Sbatteva sempre più velocemente le palpebre umide nella speranza che la scritta rossa si rischiarasse e potesse scoprire se quell’autobus la  avrebbe avvicinata a casa, ma niente, perché loro continuavano a fluire.

Il cervello non aveva il tempo di ordinare alle lacrime di fermarsi perché era troppo concentrato a mettere a fuoco l’immagine sopra al vetro anteriore del bus che si avvicinava ancora troppo lentamente.

La gente intanto era diventata una vera e propria folla e lei li sentiva, lamentarsi e sbraitare per l’attesa, e fare supposizioni sui numeri, come se si aspettassero, l’indomani, di vincere chissà che cifra per aver giocato al lotto quel numero!

Non si accorgevano neanche che c’era un animo stanco, proprio lì vicino, che in quel momento piangeva e lottava.

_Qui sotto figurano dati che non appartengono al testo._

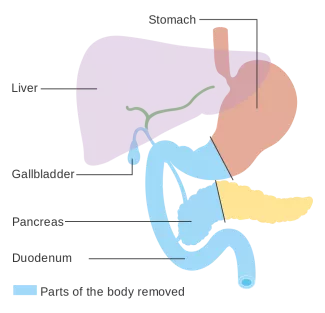 Diagram Showing The Parts Removed With A Whipples Operation CRUK 337Svg Diagram Showing The Parts Removed With A Whipples Operation CRUK 337Svg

Perché non è tutto dritto come la Nomentana, alla partenza da Porta Pia?

E adesso avevano cominciato a bruciare, gli occhi. E la gente, sempre più arrabbiata e insensibile, a strattonarla per sporgersi sulla strada e riuscire a capire che autobus sarebbe passato, se avrebbero potuto ficcarcisi dentro il prima possibile, per rintanarsi il più presto possibile nei loro tristi e angusti tuguri da cui non sarebbero usciti fino all’indomani, con la luce del giorno, ma solo per ricominciare quell’inutile, esasperante, irritante tran-tran quotidiano di grigiore e sconforto.

Eppure lei sarebbe stata disposta a fare tutto il viaggio in piedi. Sarebbe stata quasi contenta di entrare, anche ammassata come le sardine nella latta o come le foglie secche raccolte nelle buste di plastica. Lei era disposta ad accettare qualche momento di tristezza e scomodità, lo aveva già fatto tante volte, pur di seguire un certo percorso.

Ma il percorso, adesso, nella sua vita, non c’era!

Ma perché, si chiedeva non c’è neanche una via. Neanche un aiuto, neanche un’indicazione, neanche una certezza che a breve diventerà tutto più semplice?

In quell’istante, smise di guardare avanti e di sforzarsi per leggere il numero corretto dell’autobus che stava per passare. Chiuse gli occhi e aprì leggermente la bocca assaporando quel sapore salato che le lacrime avevano lasciato e formulò l’ultima preghiera.

L’ultima preghiera prima di perdere del tutto la speranza. L’ultima preghiera prima di svanire per sempre nell’inutilità della corsa. L’ultima preghiera prima di uniformarsi al nichilismo fatalista. L’ultima preghiera prima di sciogliersi e diventare un tutt’uno con le sue stesse lacrime.

L’ultima preghiera … che era solo una parola.

Luce. Voglio una luce. Voglio che una luce mi indichi il percorso, pregò intensamente, senza preoccuparsi di capire a quale Dio rivolgersi.

Luce.

Poi aprì gli occhi e, contemporaneamente inspirò velocemente e chiuse la bocca.

DEPOSITO.

Ecco cosa c’era scritto.

Non ebbe la forza di concepire nessun altro pensiero, a stento di prendere atto di ciò che finalmente aveva letto.

Si voltò e, continuando a svuotarsi di quel liquido salato che si formava dentro di lei e fuoriusciva bruciandole la pelle, si incamminò a testa bassa, trascinando i piedi in direzione casa, a circa 4 km da lì.